Afghan leader to meet Biden as US exit looms

June 25, 2021: Afghan leader Ashraf Ghani faces the cold reality of the end of US military presence in Afghanistan Friday when he meets with President Joe Biden in the White House.

With his government under increasing threat from an emboldened Taliban insurgency, Ghani will be hoping for a significant commitment of US aid for his government, which will be without the on-the-ground support of US forces for the first time in nearly two decades.

But its longest war destroys any hope of delaying the US withdrawal. Biden has ordered the withdrawal of all US troops from Afghanistan by the 20th anniversary of the September 11 attacks this year, saying he believes nothing more can be achieved. The final evacuation, announced in April, has progressed rapidly, with some estimating that most of the 2,500 US troops and 16,000 civilian contractors could be completed in July.

On Thursday, White House spokeswoman Karine Jean Pierre said, “This visit is for the first time in our ongoing commitment and support for the Afghan people and the Afghan National Defense and Security Forces.” We will focus on the key challenges facing the country. ”

Ghani and Abdullah Abdullah, who are at odds with the Taliban over a power-sharing deal, arrived in Washington on Thursday as the insurgents continue to gain ground in the country, both physically and in terms of propaganda.

The rapid withdrawal of the United States has left the country in a state of uncertainty, with many worried about the return to power of extremists who ruled the country from 1996-2001 with a brutal version of Islam. The Wall Street Journal reports that a new US intelligence report estimates that Kabul could possibly be captured within six months – although other experts say the situation could be reduced in the short term. Still, the situation is being compared to the US withdrawal from Vietnam in 1973. Two years later, the South Vietnamese government, backed by Washington, passed into the hands of the North Vietnamese military.

Still seemingly hoping to ease the US withdrawal, Ghani and Abdullah met with members of Congress on Thursday, many of whom criticized Biden’s decision to leave – even though their advance was in fact theirs. It started last year under his predecessor, Donald Trump.

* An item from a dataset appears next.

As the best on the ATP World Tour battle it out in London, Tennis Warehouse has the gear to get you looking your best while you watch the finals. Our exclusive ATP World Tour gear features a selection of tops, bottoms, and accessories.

Senate Republican Mitch McConnell urged Biden to delay the withdrawal after talks with Afghan leaders. “President Biden’s decision to withdraw US forces has left our Afghan partners alone to deal with the dangers that their own top advisers acknowledge are getting worse and worse,” McConnell said.

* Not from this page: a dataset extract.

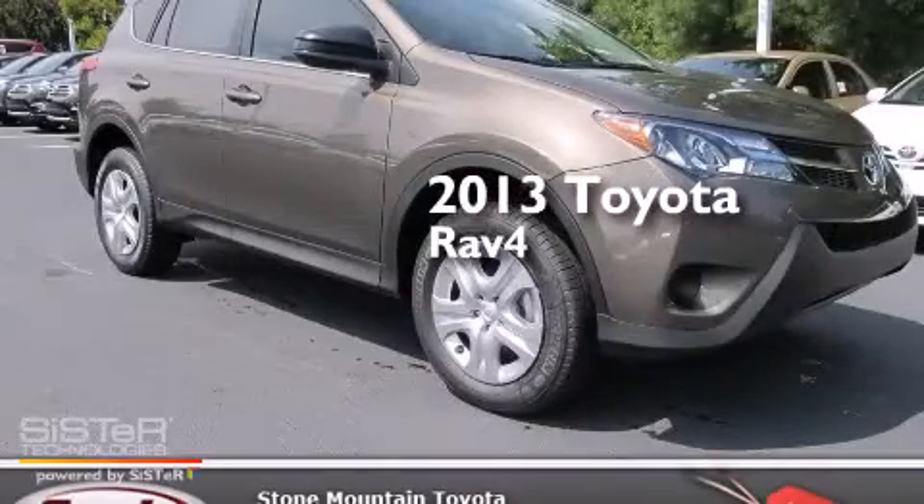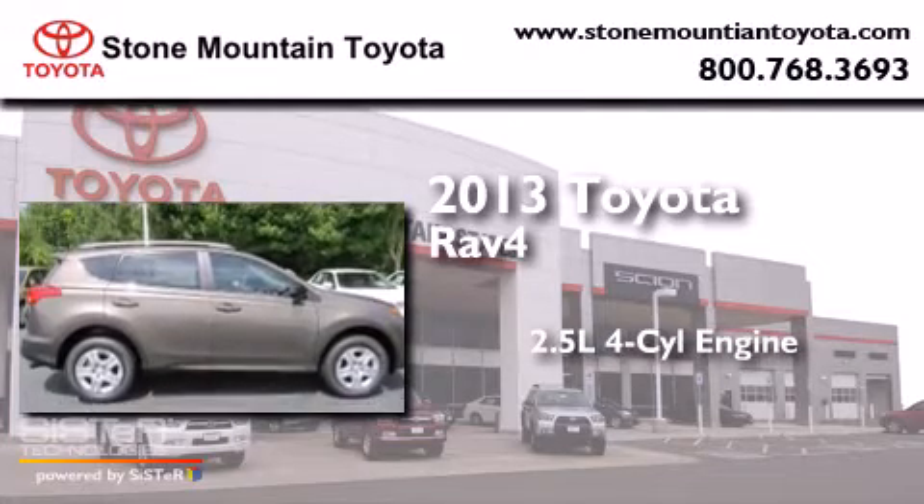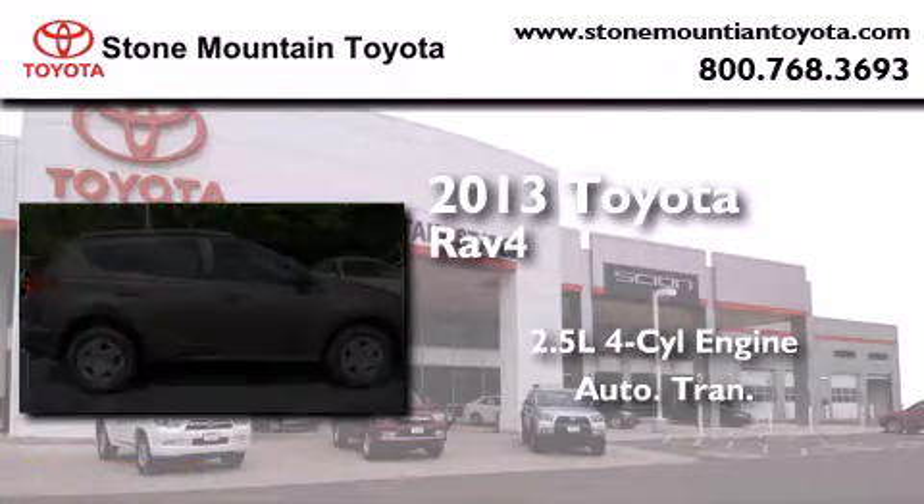This is a brand new 2013 Toyota RAV4. It has a 2.5-liter four-cylinder engine and an automatic transmission.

On Friday, Ghani and Abdullah will meet with Biden at the White House and separately with Secretary of Defense Lloyd Austin at the Pentagon. A Pentagon spokesman, John Kirby, said: “One of the things we’re going to talk to President Ghani about tomorrow is the commitment of the United States to its own government.” Biden is expected to endorse billions of dollars in US aid to the country, and possibly make arrangements for US civilian contractors.

According to Jean-Pierre, the United States will supply 3 million doses of the Johnson and Johnson Corona virus vaccine to Afghanistan next week.

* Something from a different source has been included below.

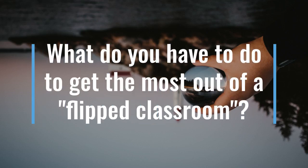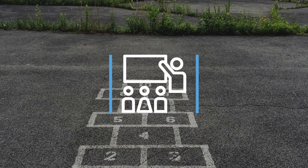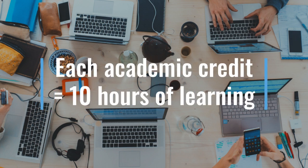Understanding and making the most of the flipped classroom technique. Hopefully, and no doubt, you are all getting used to the flipped classroom technique by now. Your modules, whether they're 15, 20 or 30 credits, all require you to do some self-directed as well as teacher-directed learning over and above your contact hours with the teachers. This is really important to understand.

Andrew Watkins, an Afghanistan expert with the International Crisis Group, said Ghani wanted to show that he had US support as the country’s leader. “Ghani does not have much domestic legitimacy. His legal status may be greater than any other source or any element of international recognition and support,” Watkins said. Meanwhile, the US side may put pressure on Ghani and Abdullah to strike a power-sharing deal with the Taliban, rather than soon. “We believe that the best political solution to the conflict is compromise,” Jean-Pierre told reporters.

No press conference was planned, possibly indicating how precarious the situation is for both sides.